SCS: Has Chip Davis threatened you with any Cease & Desist action?

Pawl: I really cannot talk about it. However for the record: I did not touch Chip in an inappropriate manner.

SCS: Who are some local bands or musicians that you admire or feel should be recognized?

Pawl: Here's that list brouhaha again. If you enjoy playing music for the beauty of the feeling and the sound, and don't really mind if people agree with you or not, and especially realize you ain't probably gonna make no money at it... Then I definitely admire you.

SCS: Who recorded your "Hutudus" album, and where was it done?

Pawl: recorded it in my basement on a 4-track with tons of tasty beer, which I sadly now cannot have on account of my arthritis medication. drag!
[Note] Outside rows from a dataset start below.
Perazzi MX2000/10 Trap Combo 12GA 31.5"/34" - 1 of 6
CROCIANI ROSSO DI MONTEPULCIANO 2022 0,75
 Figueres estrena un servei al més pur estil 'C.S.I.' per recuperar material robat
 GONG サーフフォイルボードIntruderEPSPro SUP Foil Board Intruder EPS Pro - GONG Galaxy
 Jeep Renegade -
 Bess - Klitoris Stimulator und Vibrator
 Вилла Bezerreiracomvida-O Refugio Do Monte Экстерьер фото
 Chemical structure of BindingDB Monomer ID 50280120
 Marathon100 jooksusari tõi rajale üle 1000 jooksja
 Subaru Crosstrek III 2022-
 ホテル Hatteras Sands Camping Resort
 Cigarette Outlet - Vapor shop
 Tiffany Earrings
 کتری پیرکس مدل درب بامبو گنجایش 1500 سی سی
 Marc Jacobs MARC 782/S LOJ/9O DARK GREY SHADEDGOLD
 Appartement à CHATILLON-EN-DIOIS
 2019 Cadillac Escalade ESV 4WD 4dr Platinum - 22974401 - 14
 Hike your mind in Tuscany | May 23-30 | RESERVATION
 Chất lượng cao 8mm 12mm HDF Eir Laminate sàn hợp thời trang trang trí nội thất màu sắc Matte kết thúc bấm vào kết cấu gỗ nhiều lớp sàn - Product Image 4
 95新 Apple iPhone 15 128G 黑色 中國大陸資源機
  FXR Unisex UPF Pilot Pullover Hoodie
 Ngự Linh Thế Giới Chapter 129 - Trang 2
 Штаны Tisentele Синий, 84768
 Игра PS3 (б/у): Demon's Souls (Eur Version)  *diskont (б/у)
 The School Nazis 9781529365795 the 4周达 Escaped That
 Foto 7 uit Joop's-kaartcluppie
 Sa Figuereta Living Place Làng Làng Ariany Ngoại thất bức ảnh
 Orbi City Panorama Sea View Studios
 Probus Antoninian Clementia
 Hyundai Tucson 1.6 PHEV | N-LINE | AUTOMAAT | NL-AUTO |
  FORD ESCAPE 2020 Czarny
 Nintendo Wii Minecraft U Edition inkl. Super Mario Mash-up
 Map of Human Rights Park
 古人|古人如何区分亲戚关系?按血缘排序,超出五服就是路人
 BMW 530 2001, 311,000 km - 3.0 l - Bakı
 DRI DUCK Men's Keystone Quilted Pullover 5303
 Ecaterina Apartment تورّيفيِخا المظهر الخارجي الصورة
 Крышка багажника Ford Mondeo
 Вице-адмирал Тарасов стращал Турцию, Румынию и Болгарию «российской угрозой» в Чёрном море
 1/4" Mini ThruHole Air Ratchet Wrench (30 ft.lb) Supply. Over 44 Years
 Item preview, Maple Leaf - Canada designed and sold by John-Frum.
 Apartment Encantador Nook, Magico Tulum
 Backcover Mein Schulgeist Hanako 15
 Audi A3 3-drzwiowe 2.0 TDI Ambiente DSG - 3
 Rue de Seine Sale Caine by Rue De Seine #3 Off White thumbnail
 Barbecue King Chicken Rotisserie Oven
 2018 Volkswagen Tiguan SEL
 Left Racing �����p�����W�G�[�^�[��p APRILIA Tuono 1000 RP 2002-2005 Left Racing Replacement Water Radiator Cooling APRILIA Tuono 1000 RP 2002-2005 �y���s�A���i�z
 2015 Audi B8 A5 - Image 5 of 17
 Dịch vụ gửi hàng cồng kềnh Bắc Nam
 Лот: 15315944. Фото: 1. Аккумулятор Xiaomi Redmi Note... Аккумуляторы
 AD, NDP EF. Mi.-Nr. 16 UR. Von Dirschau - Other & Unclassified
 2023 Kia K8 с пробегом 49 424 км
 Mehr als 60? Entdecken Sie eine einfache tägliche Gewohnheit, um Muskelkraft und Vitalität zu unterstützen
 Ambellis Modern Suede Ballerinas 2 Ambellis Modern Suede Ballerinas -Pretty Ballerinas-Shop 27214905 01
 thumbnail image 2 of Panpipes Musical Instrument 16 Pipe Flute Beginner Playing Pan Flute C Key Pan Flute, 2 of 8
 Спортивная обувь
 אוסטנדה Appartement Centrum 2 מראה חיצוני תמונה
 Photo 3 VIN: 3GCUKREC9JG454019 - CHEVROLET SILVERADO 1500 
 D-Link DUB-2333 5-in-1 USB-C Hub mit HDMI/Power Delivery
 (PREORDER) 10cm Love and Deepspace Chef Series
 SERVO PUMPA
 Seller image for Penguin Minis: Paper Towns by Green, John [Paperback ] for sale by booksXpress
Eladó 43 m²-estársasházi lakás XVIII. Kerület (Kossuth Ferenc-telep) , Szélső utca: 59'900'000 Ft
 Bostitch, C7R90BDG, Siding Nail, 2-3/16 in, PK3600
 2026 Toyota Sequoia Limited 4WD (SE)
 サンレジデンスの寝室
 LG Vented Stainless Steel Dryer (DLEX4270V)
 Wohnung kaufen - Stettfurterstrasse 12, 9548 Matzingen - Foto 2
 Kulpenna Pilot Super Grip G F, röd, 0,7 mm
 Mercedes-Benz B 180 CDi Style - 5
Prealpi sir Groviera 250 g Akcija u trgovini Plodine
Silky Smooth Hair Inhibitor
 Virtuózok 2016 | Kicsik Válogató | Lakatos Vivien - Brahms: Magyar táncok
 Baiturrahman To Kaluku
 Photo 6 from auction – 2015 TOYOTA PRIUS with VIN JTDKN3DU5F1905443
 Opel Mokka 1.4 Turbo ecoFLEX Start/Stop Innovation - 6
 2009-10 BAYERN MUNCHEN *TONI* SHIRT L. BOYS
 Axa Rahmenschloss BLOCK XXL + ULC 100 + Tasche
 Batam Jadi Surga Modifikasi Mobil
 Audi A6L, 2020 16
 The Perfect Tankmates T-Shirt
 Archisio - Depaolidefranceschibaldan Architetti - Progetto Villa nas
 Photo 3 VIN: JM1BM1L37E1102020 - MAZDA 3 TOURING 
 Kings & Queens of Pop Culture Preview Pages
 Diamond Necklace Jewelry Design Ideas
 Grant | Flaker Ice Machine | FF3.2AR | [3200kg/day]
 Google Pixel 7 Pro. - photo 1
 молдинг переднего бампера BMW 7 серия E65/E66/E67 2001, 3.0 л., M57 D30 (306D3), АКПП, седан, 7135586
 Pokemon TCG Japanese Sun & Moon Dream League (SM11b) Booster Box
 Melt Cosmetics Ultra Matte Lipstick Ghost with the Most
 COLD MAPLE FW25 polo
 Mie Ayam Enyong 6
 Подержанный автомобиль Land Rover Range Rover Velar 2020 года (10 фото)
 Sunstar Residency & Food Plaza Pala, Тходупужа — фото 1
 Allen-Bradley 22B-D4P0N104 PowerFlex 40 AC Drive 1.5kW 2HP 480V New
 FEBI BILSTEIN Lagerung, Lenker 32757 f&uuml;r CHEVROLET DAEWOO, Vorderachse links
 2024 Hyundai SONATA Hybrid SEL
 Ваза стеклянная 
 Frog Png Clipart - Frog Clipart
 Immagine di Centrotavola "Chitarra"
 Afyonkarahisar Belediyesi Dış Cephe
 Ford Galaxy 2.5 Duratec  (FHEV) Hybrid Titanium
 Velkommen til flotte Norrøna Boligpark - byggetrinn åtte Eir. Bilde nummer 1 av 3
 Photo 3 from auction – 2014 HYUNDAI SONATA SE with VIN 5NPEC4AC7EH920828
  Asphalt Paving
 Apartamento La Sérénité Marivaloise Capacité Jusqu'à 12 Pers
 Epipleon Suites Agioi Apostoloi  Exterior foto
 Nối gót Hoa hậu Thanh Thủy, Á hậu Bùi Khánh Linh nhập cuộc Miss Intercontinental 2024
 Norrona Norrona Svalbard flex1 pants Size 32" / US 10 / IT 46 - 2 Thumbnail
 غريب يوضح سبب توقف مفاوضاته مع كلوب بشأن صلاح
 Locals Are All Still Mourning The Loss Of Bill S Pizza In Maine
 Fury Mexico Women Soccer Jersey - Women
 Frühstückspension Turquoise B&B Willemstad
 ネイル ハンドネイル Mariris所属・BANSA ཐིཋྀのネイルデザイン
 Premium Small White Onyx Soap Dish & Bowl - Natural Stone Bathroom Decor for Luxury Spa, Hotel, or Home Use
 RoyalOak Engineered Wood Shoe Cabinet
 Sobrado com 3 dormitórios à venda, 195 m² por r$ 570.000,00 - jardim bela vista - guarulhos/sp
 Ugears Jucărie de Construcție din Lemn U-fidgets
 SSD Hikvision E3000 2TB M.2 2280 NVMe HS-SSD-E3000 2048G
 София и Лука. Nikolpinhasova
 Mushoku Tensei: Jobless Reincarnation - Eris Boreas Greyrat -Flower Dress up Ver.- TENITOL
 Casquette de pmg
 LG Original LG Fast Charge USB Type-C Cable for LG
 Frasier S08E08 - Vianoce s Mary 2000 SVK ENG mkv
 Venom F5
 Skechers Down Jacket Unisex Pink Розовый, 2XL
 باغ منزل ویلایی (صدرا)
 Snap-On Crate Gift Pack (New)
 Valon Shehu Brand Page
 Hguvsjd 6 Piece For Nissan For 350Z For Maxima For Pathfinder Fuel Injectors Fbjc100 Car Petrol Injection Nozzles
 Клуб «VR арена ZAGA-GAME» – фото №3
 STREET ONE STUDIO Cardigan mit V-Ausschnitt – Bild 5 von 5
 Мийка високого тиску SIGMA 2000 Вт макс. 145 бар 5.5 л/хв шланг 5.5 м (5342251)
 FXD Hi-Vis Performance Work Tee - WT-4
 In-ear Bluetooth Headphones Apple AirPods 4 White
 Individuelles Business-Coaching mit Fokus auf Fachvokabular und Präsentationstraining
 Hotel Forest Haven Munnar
SCS: Was that supposed to be a Mannheim Creamslinger album but somehow or other ended up as a Clean Plate Club album?

Pawl: I am retiring the Mannheim Creamslinger schtick for a while and will only use it for my Christmas collections. Clean Plate Club is a permanent.

SCS: Are you working on a new album now, and if so, when do you expect it to come out?

Pawl: I actually have my next project all recorded but I am Too fuckin' ignernt to figure out how to edit my music into the computer from analog 4-track to mpegs. It is a Sci-Fi motion picture soundtrack called, "Draculoid" It to me is a good piece of music. I also am working on an accapella cd titled, "Accapawla, Enchanted Heart, Haunted Lung." but don't wait up for that one just yet. Also a Mannheim Creamslinger, 20 gratest christmas hits will be in stores by Christmas. Or with my luck, just a bit after.